-- COLLECTED MATERIAL follows --

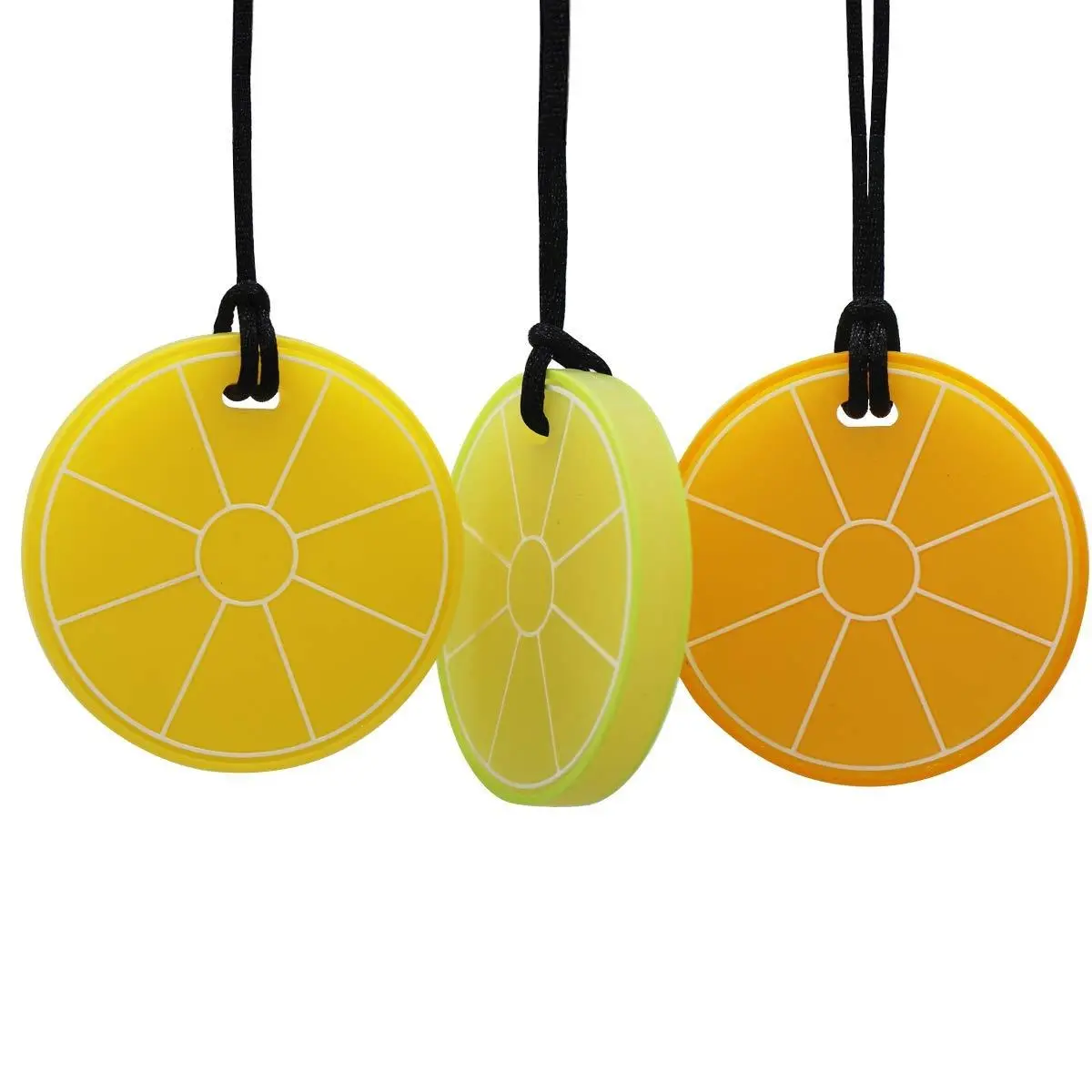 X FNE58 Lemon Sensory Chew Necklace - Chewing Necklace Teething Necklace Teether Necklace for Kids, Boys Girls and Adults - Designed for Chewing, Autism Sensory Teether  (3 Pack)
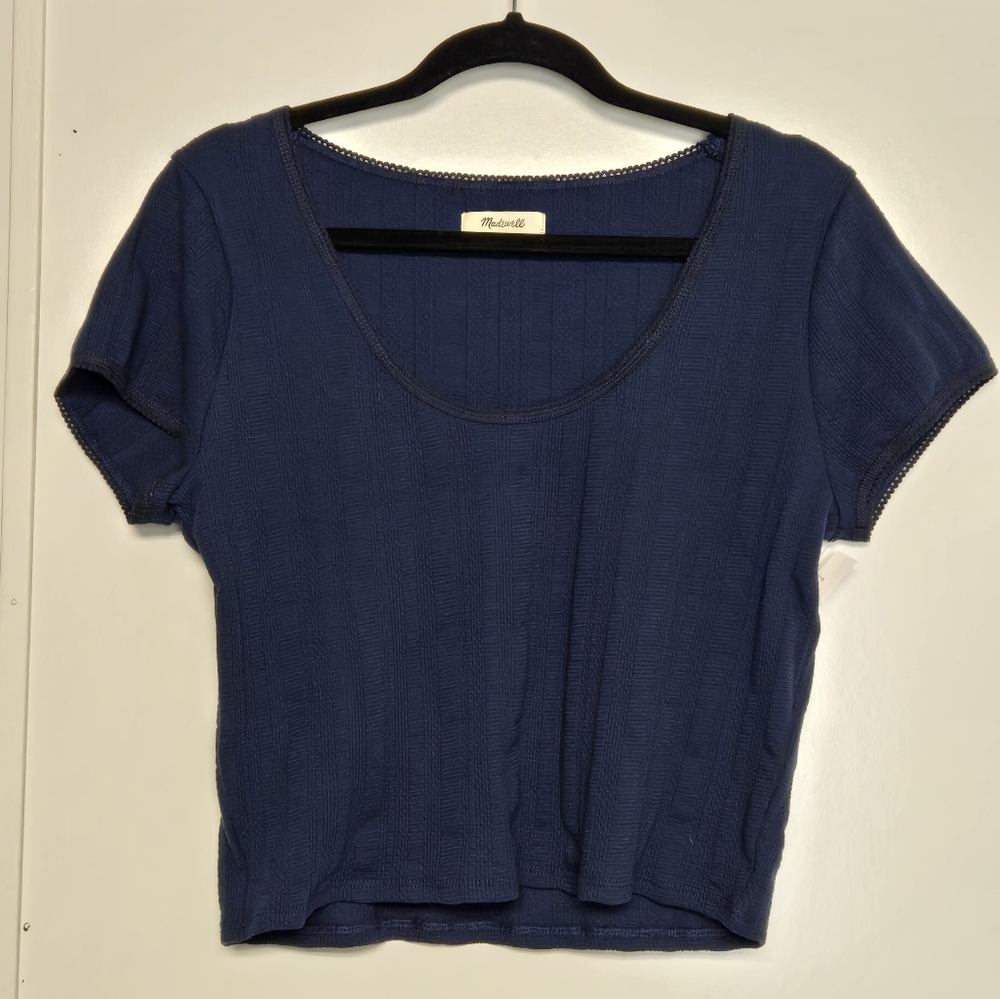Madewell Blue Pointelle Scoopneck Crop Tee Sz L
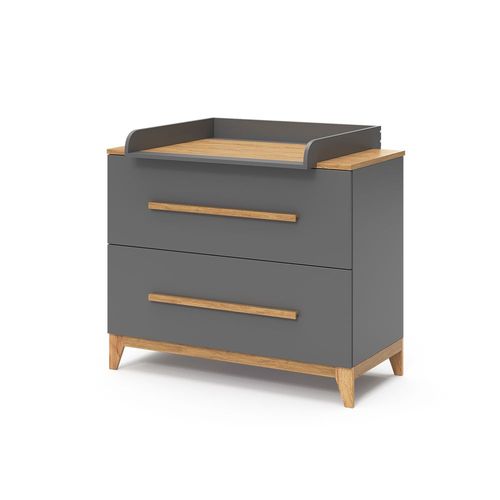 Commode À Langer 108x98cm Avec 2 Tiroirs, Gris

-- COLLECTED MATERIAL concluded --

» **WHAT IS EXPECTED**
The response consists of the data above printed line for line, with no pictures.

» **TASK RESPONSE**
 X FNE58 Lemon Sensory Chew Necklace - Chewing Necklace Teething Necklace Teether Necklace for Kids, Boys Girls and Adults - Designed for Chewing, Autism Sensory Teether  (3 Pack)
Madewell Blue Pointelle Scoopneck Crop Tee Sz L
 Commode À Langer 108x98cm Avec 2 Tiroirs, Gris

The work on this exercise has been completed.